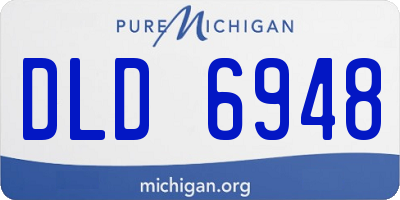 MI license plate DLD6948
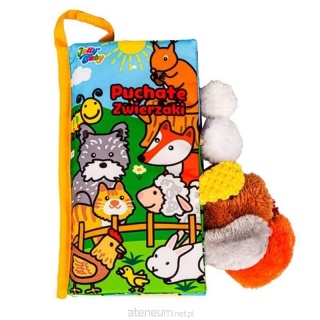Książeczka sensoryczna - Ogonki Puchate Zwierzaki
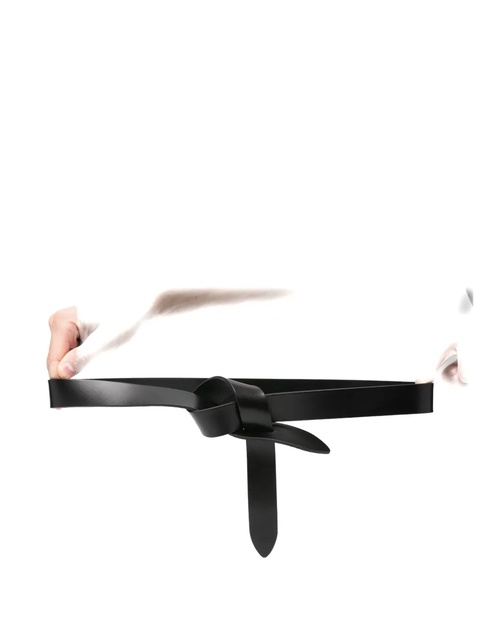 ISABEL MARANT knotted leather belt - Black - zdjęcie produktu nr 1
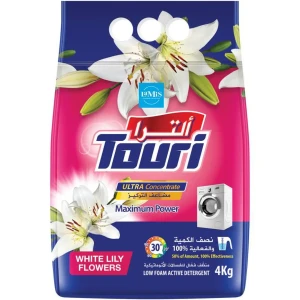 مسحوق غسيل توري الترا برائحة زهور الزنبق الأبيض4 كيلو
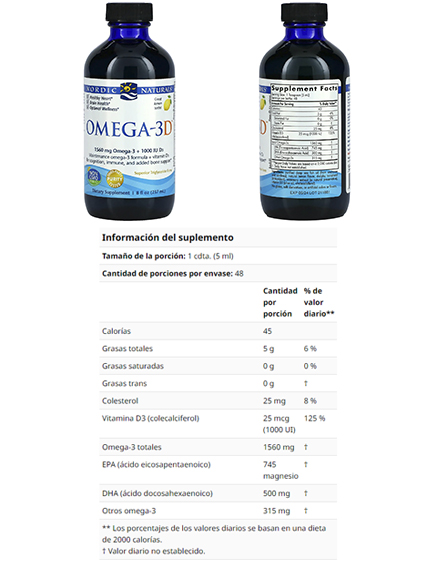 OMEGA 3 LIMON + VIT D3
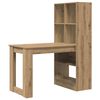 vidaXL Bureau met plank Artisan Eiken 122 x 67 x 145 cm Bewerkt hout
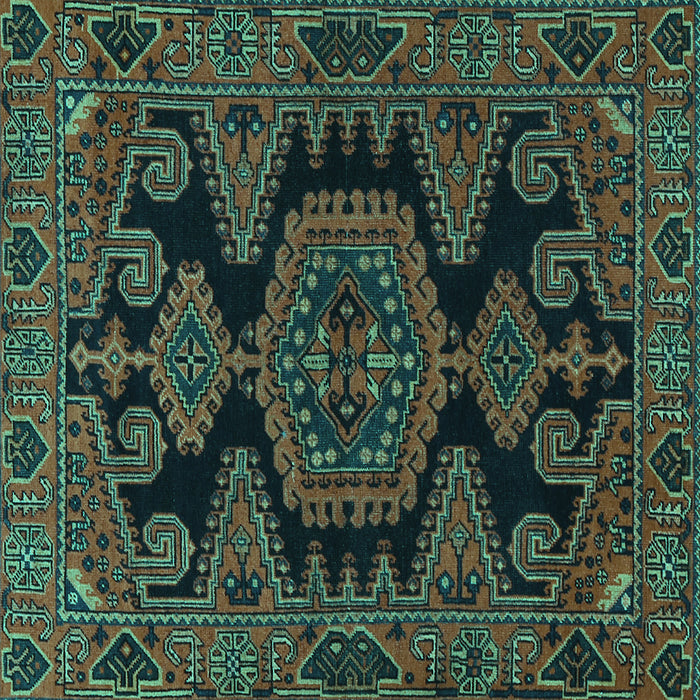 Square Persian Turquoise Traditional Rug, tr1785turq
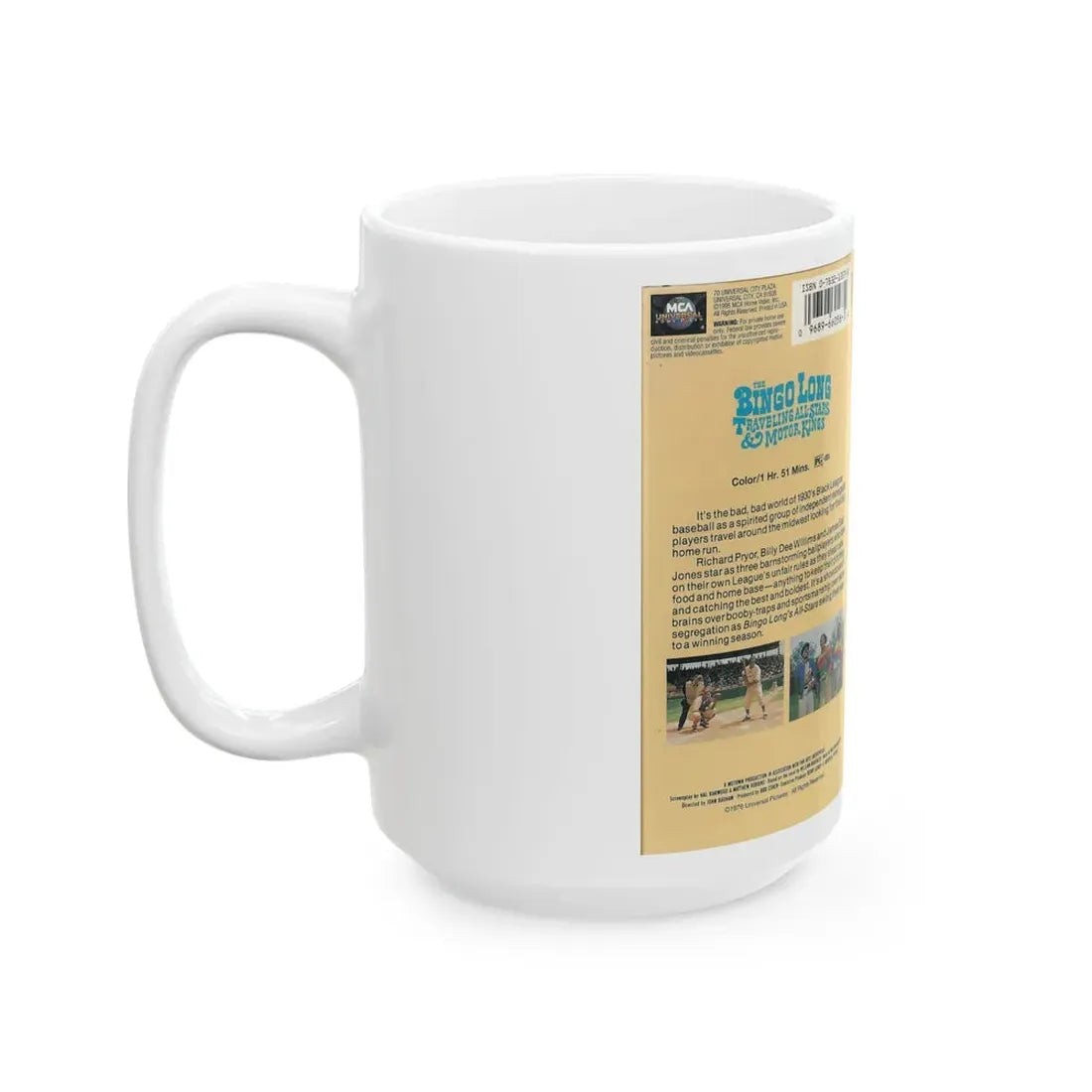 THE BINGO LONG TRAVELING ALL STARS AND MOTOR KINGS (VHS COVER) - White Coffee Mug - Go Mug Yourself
◆ ◆ ◆ ◆ ◆ ◆ ◆
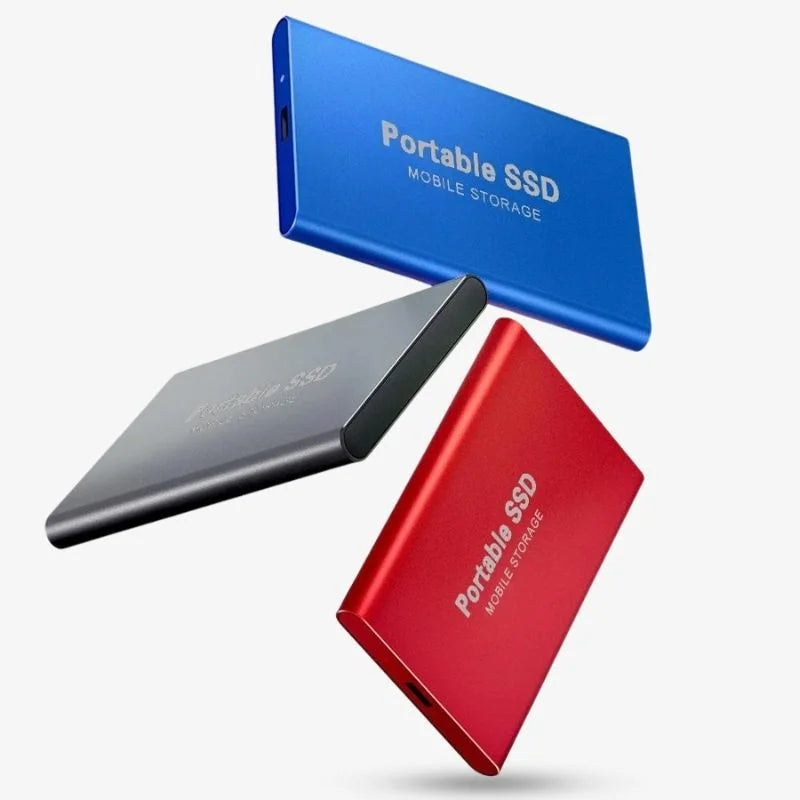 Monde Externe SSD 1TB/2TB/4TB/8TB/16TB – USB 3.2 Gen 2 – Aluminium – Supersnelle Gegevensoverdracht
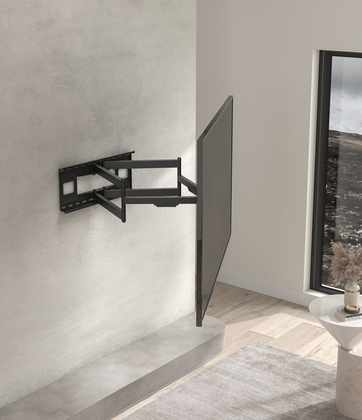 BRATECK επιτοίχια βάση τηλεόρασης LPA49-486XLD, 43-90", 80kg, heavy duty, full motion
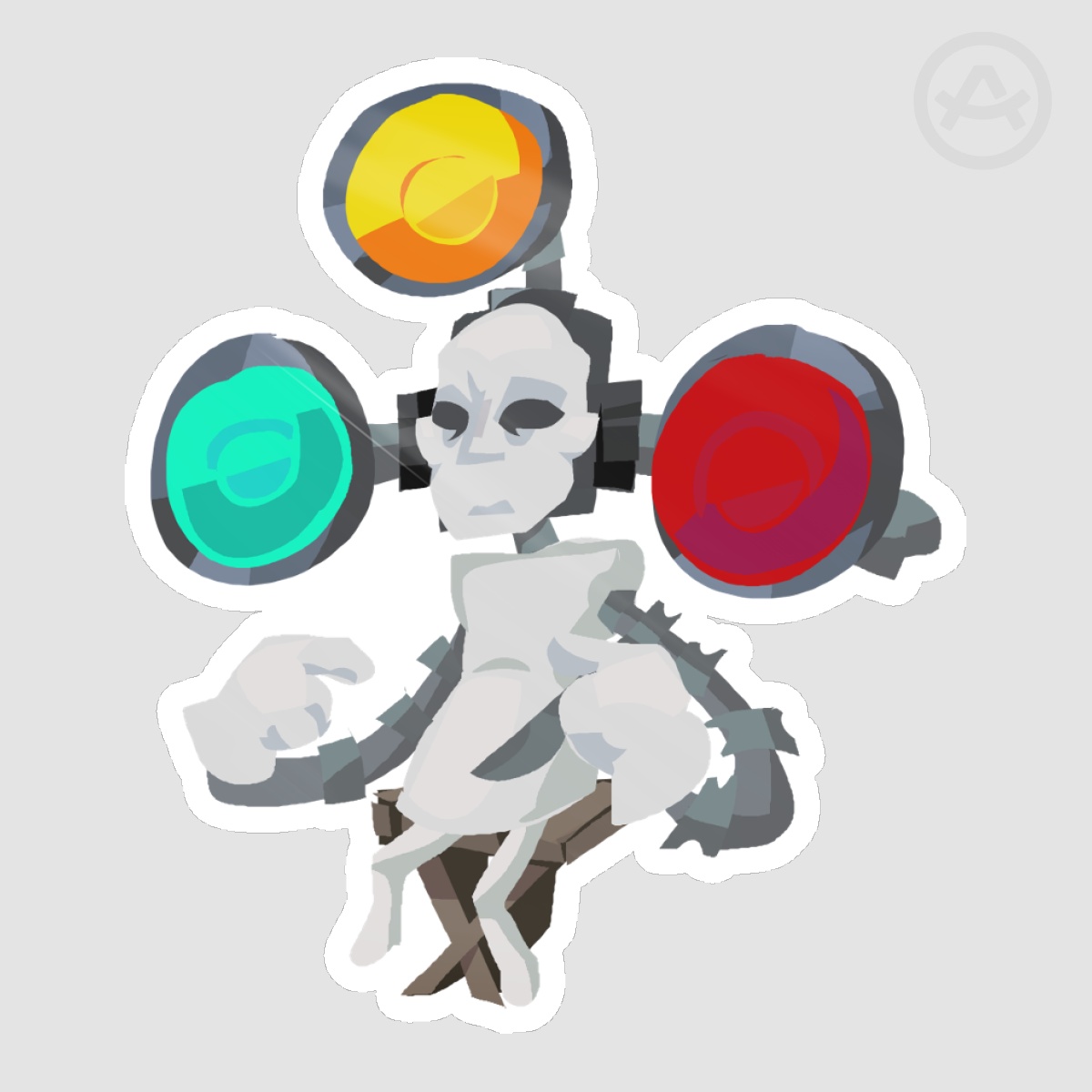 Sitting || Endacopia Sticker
◆ ◆ ◆ ◆ ◆ ◆ ◆
### What you will do
Only one stretch of the listing is wanted: the lines starting at the one with "BRATECK επιτοίχια βάση" and ending at the one with "Sitting || Endacopia Sticker", copied exactly and free of pictures.

### Task result
 BRATECK επιτοίχια βάση τηλεόρασης LPA49-486XLD, 43-90", 80kg, heavy duty, full motion
 Sitting || Endacopia Sticker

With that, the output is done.